3月2日までに2025年度予算案を衆院通過させ年度内の自然成立を確実にしたい石破茂内閣に暗雲が漂い始めた。自民党の旧安倍派会計責任者に対する参考人聴取を巡り野党との調整が難航。質問案に「赤入れ」をして戻し立憲民主党を激怒させるなど野党逆なでの事態も続出し、ずるずると日程を費やしているためだ。タイムリミットまで残り10日を切ったが、22日以降の平日は4日間のみ。今年のカレンダーに見放されている格好だ。
◆「調整」に「そんなレベルじゃない」
自民の「赤入れ」は立民国対委員会の笠浩史委員長(衆院神奈川9区)、後藤祐一委員長代理(16区)の「神奈川国対コンビ」を「検閲だ」と激怒させ、19日の衆院予算委員会での集中審議が流会となる騒動を招いた。21日の同委では同党の米山隆一氏が自民総裁でもある石破首相をただした。

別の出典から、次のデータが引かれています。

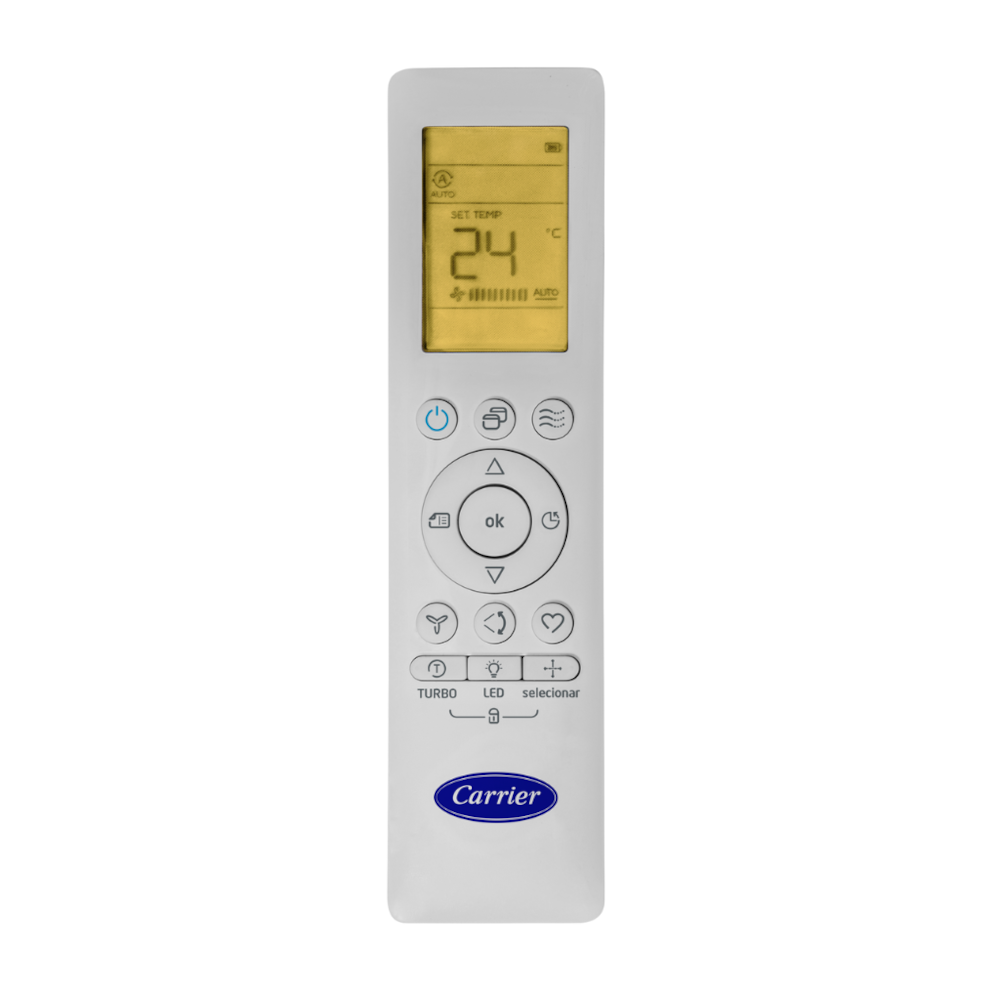 image_b8bcf247-fd3a-450d-ae44-4eabaf68935e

「赤入れ介入は事実か。正当だと思うのか」との問いに、首相は「限られた時間での聴取になるので質問事項の重複を避けるために整理・調整を立憲(民主党)さんとも連携して行った」などと釈明した。
野党席からは「(赤入れは)そんなレベルじゃないぞ」などと怒号。米山氏は「『ふさわしくない(内容)』との(質問案への)文句も添えられていたそうですね」と赤入れの内容が「整理・調整」とのレベルを超えていることを皮肉った。
◆残る平日は4日のみ
政府予算案は衆院で可決し参院送付後、審議途中であっても30日を経れば自然成立する。与党が年度末の3月31日まで30日となる同月2日までの採決を急ぐゆえんだ。ところが今年は1日、2日が土日に当たり、2月28日までに可決しなければならない。
衆院予算委の安住淳委員長は立民所属。与党の思惑をくむ格好で異例の休日開催を認める可能性はほとんどないとみられる。22日からは3連休で、平日は火曜日の25日から28日までの4日間。25日には予算採決の前提である中央公聴会が行われる。